Stored items from a collection
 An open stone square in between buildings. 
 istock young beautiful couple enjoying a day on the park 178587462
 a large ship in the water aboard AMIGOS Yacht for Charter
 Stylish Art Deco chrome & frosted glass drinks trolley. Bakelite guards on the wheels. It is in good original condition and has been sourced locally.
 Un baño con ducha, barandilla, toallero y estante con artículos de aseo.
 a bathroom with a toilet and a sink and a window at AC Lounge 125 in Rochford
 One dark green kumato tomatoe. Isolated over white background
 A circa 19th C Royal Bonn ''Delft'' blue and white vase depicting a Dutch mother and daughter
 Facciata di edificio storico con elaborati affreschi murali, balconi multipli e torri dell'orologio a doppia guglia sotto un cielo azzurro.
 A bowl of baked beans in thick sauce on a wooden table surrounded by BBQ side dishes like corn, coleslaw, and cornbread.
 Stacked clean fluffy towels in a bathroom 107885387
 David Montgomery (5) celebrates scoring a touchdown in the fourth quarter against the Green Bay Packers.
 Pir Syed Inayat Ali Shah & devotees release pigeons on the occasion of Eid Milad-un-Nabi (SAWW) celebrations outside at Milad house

*What to work on*. Whenever a line in the records contains the word "white", copy that line.

*Your solution*.
 One dark green kumato tomatoe. Isolated over white background
 A circa 19th C Royal Bonn ''Delft'' blue and white vase depicting a Dutch mother and daughter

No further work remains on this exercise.